Picture a car odometer that only goes up to 65535 and then rolls over to 00000 again. If it was at 00000 and you drove backwards for 1 mile it would read 65535, one more and it would read 65534.

Confused? Here's the numbers 1 to 10 in our normal base 10 decimal system translated into base 2.

0    =   0
1    =   1
2    =   10
3    =   11
4    =   100
5    =   101
6    =   110
7    =   111
8    =   1000
9    =   1001
10  =   1010

Computers use base 2 because its storage areas have only 2 values (states), either on or off.

Sorry if this doesn't make sense to some, it is difficult to explain in a short posting.

Either way it is a software "bug"


----------



## rifleman69 (Dec 15, 2006)

johnmfaeth said:
			
		

> Picture a car odometer that only goes up to 65535 and then rolls over to 00000 again. If it was at 00000 and you drove backwards for 1 mile it would read 65535, one more and it would read 65534.




Didn't you see Ferris Bueller's Day Off?  The odometer doesn't go backwards.


----------



## johnmfaeth (Dec 15, 2006)

Hey Rifleman,

When we were 17 (now I'm 45) we talked a friend into taking his fathers car on a small roadtrip. Ran up 80 miles and he was terrified because his dad checked the mileage and mpg every time he got gas.

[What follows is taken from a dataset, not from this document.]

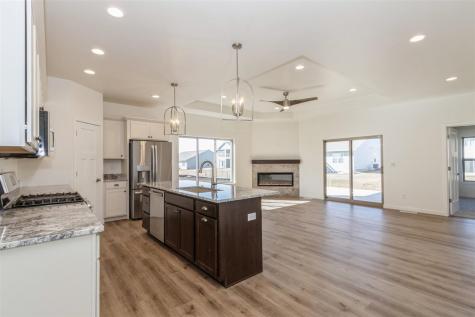 407 Solstice Court North Liberty IA 52317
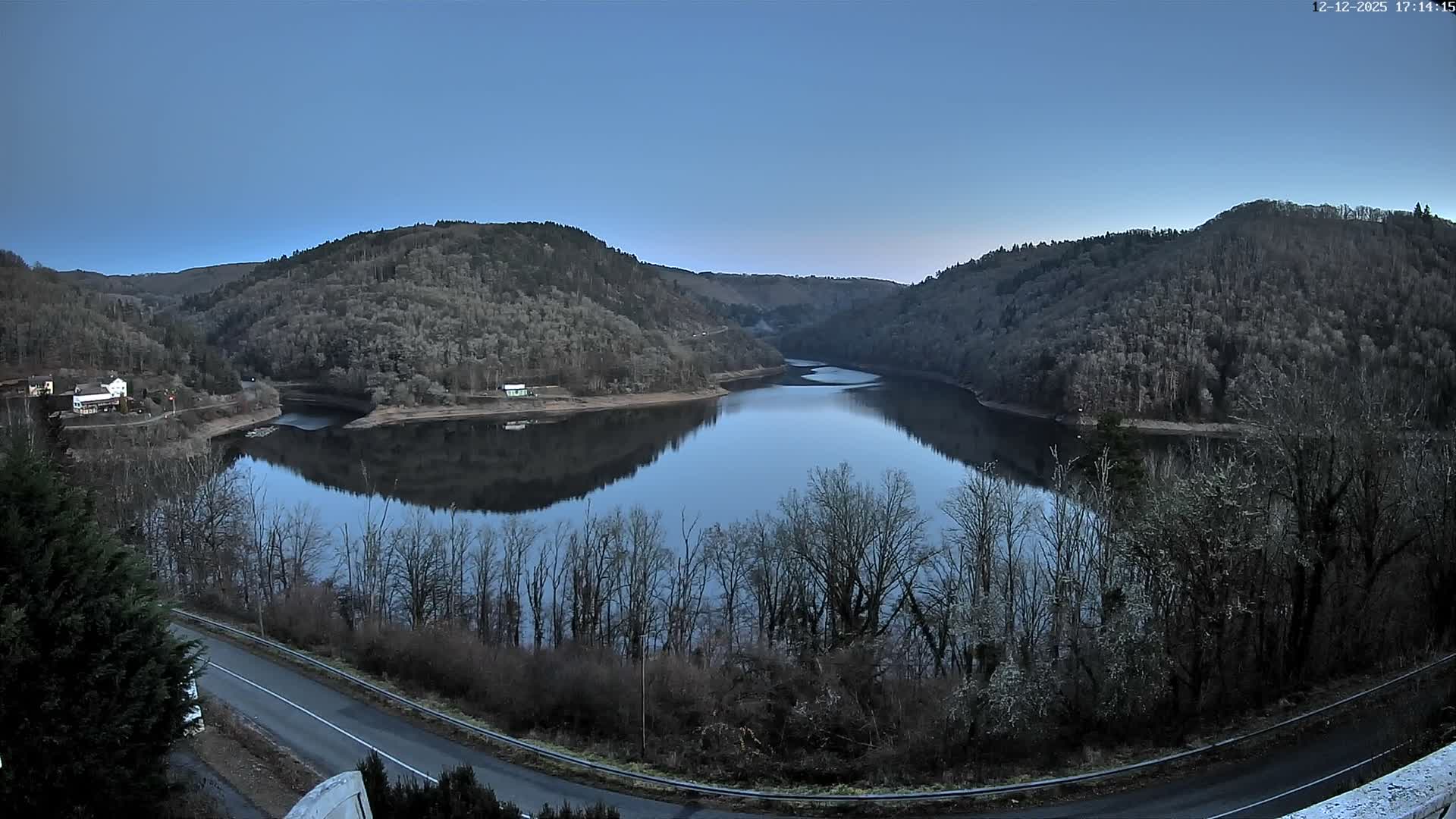Miremont , Barrage des Fades Dam Live Cam - Riom, Puy-de-Dome, Auvergne-Rhone-Alpes, France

We jacked up the rear and put it into reverse. It actually went back about 8/10's of a mile and then stopped. Wouldn't go back a full mile's digit. It was a 68 Plymouth Fury.

Needless to say, he was in trouble with his dad the next day for "cruising around like a hooligan".

So "assuming you have an odometer that goes backwards" need be inserted when reading my post  

John


----------



## talkamotta (Dec 16, 2006)

When I was 16, now Im 53, I had friends that were boys that would  stop the mileage counter on my father's car.  When we were done cruising around, the boy would then hook it back up.  

It would cost me a kiss, they were kind of cute so it wasnt too painful.  Would have done it for nothing...but I needed the counter stopped.


----------